Romance movies that make you want to be a better person when youre bored. Includes Rocco and His Brothers, Barry Lyndon, Paperman and more, curated by Moviepiq.
Some films leave you wanting more from yourself. These do that without lecturing.
When a impoverished widow's family moves to the big city, two of her five sons become romantic rivals with deadly results.
It shows someone doing something quietly right. No announcement. No reward. Just doing it.
An Irish rogue uses his cunning and wit to work his way up the social classes of 18th century England, transforming himself from the humble Redmond Barry into the noble Barry Lyndon.
You finish this and feel a vague, good pressure to be more considered. That's the right feeling.
An urban office worker finds that paper airplanes are instrumental in meeting a girl in ways he never expected.
It shows someone doing something quietly right. No announcement. No reward. Just doing it.
A fledgling ballerina falls in love with a brilliant composer, but the jealous head of the ballet company plots to drive them apart.
You finish this and feel a vague, good pressure to be more considered. That's the right feeling.
The summer of his high school freshman year, Hodaka runs away from his remote island home to Tokyo, and quickly finds himself pushed to his financial and personal limits. The weather is unusually gloomy and rainy every day, as if taking its cue from his life. After many days of solitude, he finally finds work as a freelance writer for a mysterious occult magazine. Then, one day, Hodaka meets Hina on a busy street corner. This bright and strong-willed girl possesses a strange and wonderful ability: the power to stop the rain and clear the sky.
It shows someone doing something quietly right. No announcement. No reward. Just doing it.
Moral cinema works when it trusts the audience to draw their own conclusions.
Care and commitment at their best. The quiet heroism of relationships.

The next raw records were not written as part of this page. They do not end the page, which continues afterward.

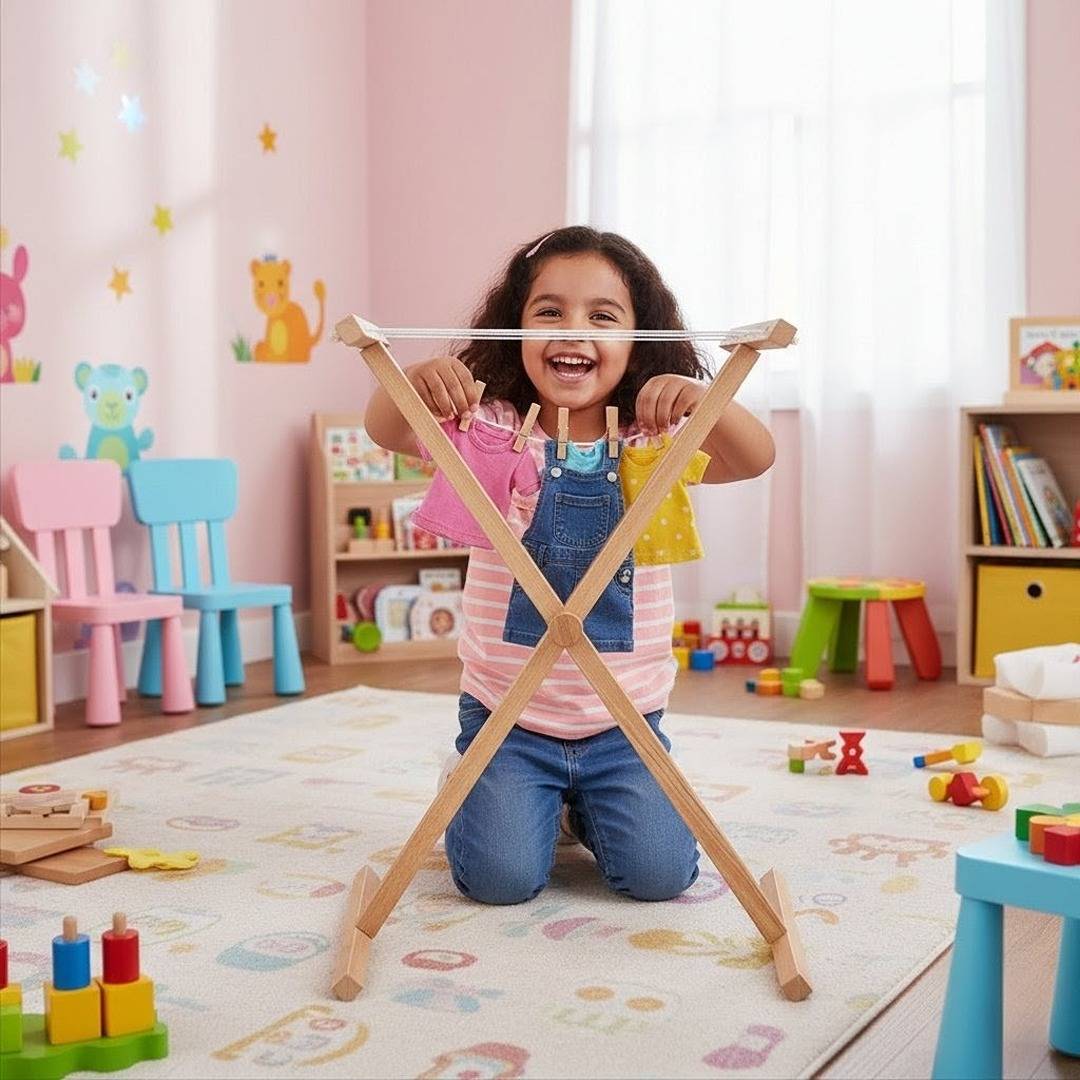 Children’s Pretend Clothes Rack – Fun Role Play Set with Durable German Quality - Fun Learning Store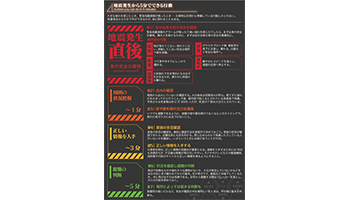 エヴァンゲリオン仕様の防災パンフレット、日本気象協会の「防災知識補完計画」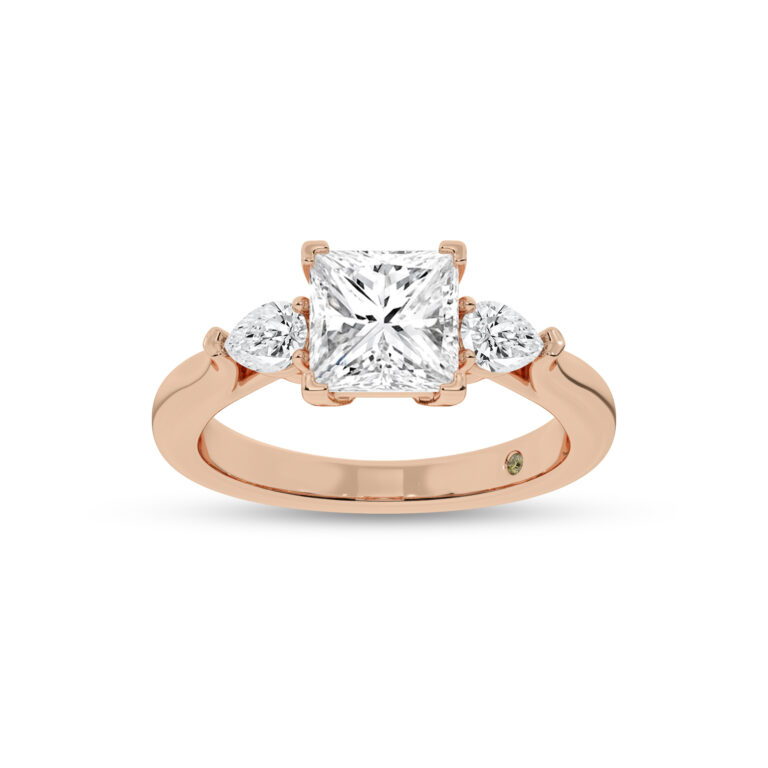 Bruges Lab Grown Three Stone Diamond Engagement Ring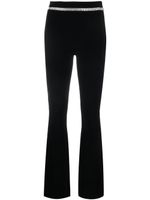 Rabanne pantalon évasé à ornements en cristal - Noir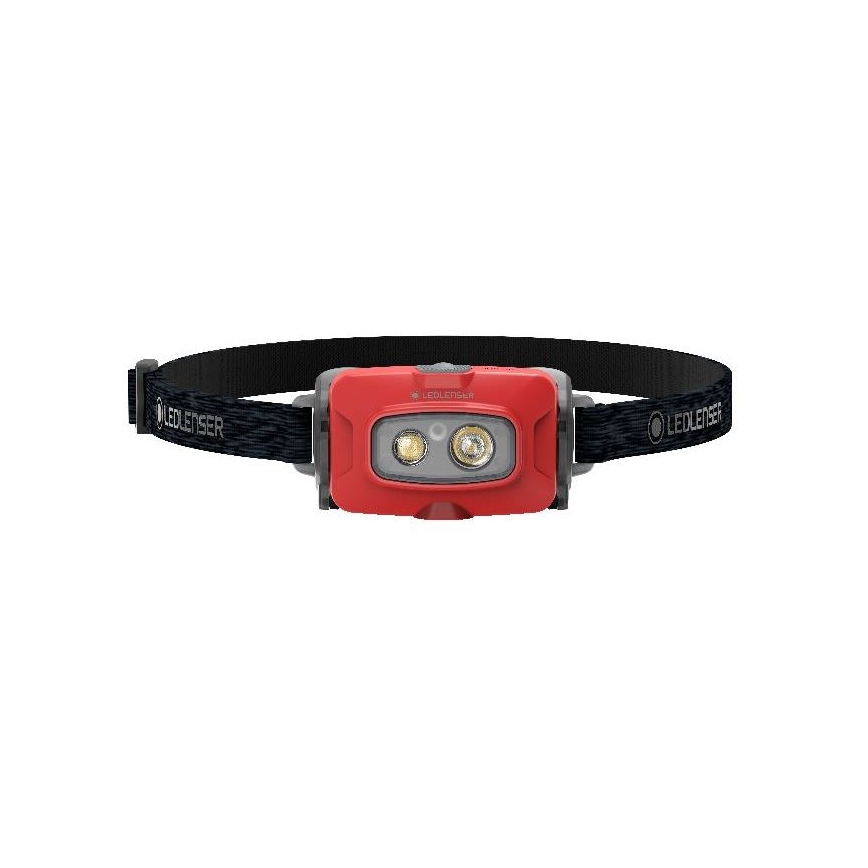 Ledlenser HF4R Core - LED dimmbar uppladdningsbar pannlampa LED/1000 mAh IP68 500 lm 35 h röd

Solves boredom immediately. No warm-up required.
Everyone deserves a great love story, but for 17-year-old Simon Spier, it's a little more complicated. He hasn't told his family or friends that he's gay, and he doesn't know the identity of the anonymous classmate that he's fallen for online.
It shows someone doing something quietly right. No announcement. No reward. Just doing it.
An unexpected meeting on a train leads two travelers to spend an evening wandering through Vienna. As the night unfolds, they share stories and conversations about life and love, exploring new ideas while a quiet intimacy grows between them, knowing it may be their only night together.
You finish this and feel a vague, good pressure to be more considered. That's the right feeling.
Two melancholic Hong Kong policemen fall in love: one with a mysterious underworld figure, the other with a beautiful and ethereal server at a late-night restaurant.
You finish this and feel a vague, good pressure to be more considered. That's the right feeling.
A closeted boy runs the risk of being outed by his own heart after it pops out of his chest to chase down the boy of his dreams.
You finish this and feel a vague, good pressure to be more considered. That's the right feeling.
The story of a teenage boy called Yu, who falls for Yoko, a girl he runs into while working as an upskirt photographer in an offshoot of the porn industry. His attempts to woo her are complicated by a spot of cross-dressing – which convinces Yoko that she is lesbian – dalliances with kung-fu and crime, and a constant struggle with Catholic guilt.
It shows someone doing something quietly right. No announcement. No reward. Just doing it.
Some films earn their effect. These do.